The sub frame structure with its control and data fields is also assumed to be used for paging, but one difference is that a sub frame comprising paging messages can be directed to more than one UE. The time between paging occasions, i.e. the sleep-mode or DRX cycle, typically spans a large number of sub frames, e.g. 320 sub frames or a multiple of 320 sub frames. When a UE wakes up, it first receives and decodes the control part of the sub frame. If one of the PDCCHs in the control part includes an identifier indicating that the data part of the sub frame includes one or multiple paging messages, the UE proceeds to receive and decode the DL-SCH in the data part to find out if one of the paging messages was directed to this specific UE. The identifier in the control part can be described as a specific RNTI, which can be referred to as a Paging RNTI (P-RNTI). The P-RNTI is thus just an indication to all UEs addressed at that paging occasion that there are paging messages to read, but it does not say anything about to which UEs the paging messages are directed.
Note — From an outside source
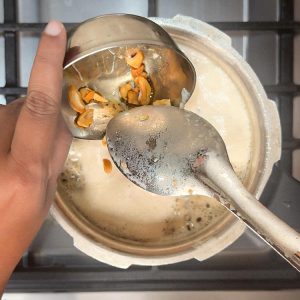 Adding golden roasted cashews back to creamy pudding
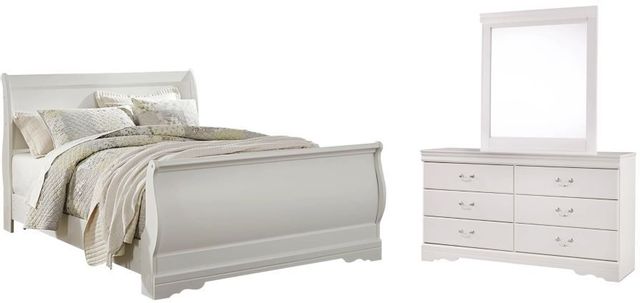 Signature Design by Ashley® Anarasia 2-Piece White Queen Sleigh Bed Set-0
If the UE determines that no paging message in the data part was directed to it, it can return to sleep mode again. If no P-RNTI is present in the control part of the sub frame, the UE can return to sleep mode immediately after decoding the control part, i.e. the UE does not need to read the data part of the sub frame.
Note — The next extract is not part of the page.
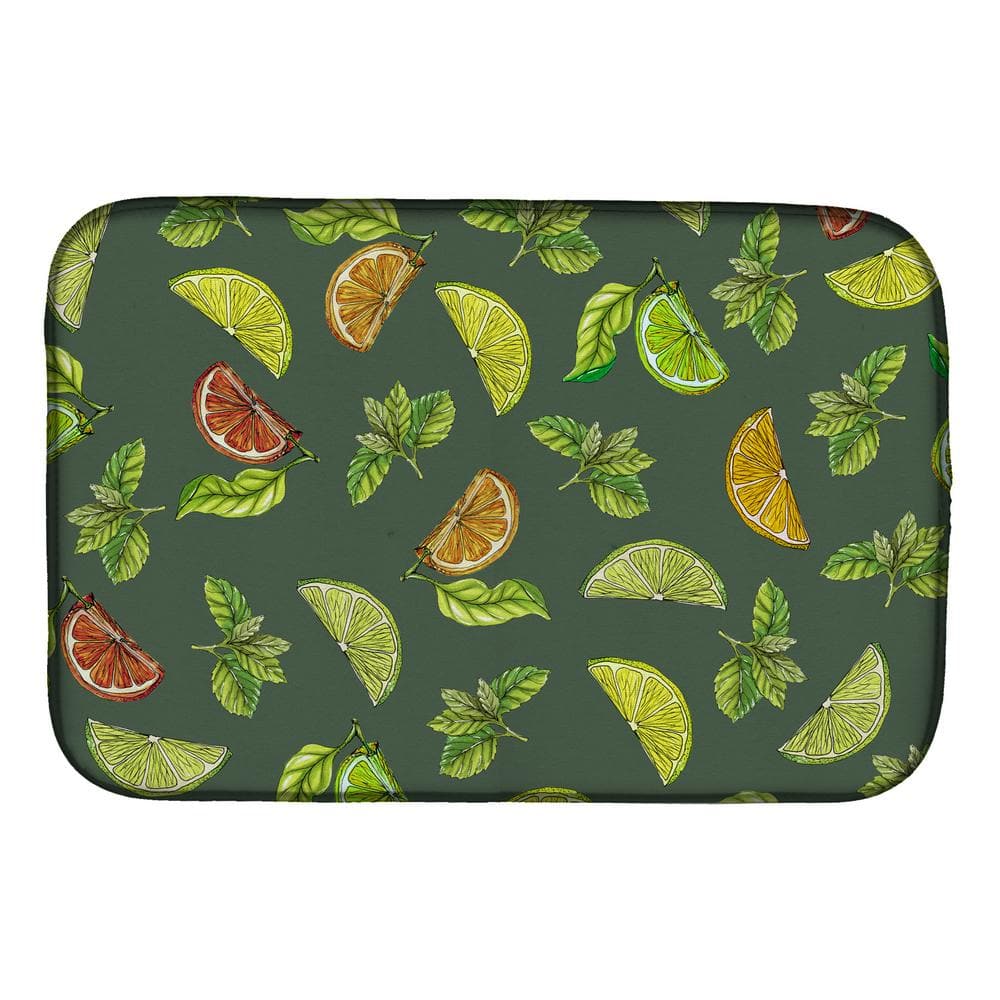 14 in. x 21 in. Lemons, Limes and Oranges Dish Drying Mat - Hercitys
Paging is capacity demanding for the system, as paging messages need to reach all UEs in a cell. The transmission of paging messages cannot be adapted for a specific UE as it is addressed to all UEs that listen for paging at the same paging occasion, and in the worst of cases UEs can be close to the cell border and thus far away from the radio base station (e.g. the eNB in E-UTRAN). To be sure to reach all UEs the transmit power needs to be set to a maximum (the level needed to reach UEs at the cell border), which means a low data rate and affects the number of paging messages that can be carried by one sub frame. The bigger the cell is, the more capacity demanding is the paging and the less amount of UEs can be paged in one sub frame.
If several UEs wake up from there sleep mode at the same time, i.e. if their paging occasions coincide, there might be a need to transmit multiple paging messages to the different UEs in the same sub frame. However, especially in case of narrowband transmissions with limited data rates on the Downlink Shared Channel (DL-SCH), it may not be possible to include all these paging messages within the data part of a single sub frame. This situation is hereafter referred to as overflow. An overflow situation is handled by waiting for the next paging occasion to transmit the rest of the paging messages. Overflow thus implies a delay in the paging.
To minimize the delay for paging, a network operator can adapt the DRX cycle. With a shorter DRX cycle the delay at overflow will be shorter, as the time to the next paging occasion is shorter. Another aspect is that a shorter DRX cycle will give more paging occasions per time unit which leads to fewer paging messages per paging occasion and thus a lower risk for overflow. The disadvantage of shorter DRX cycles is an increased UE power consumption as the UE has to wake up for paging more often.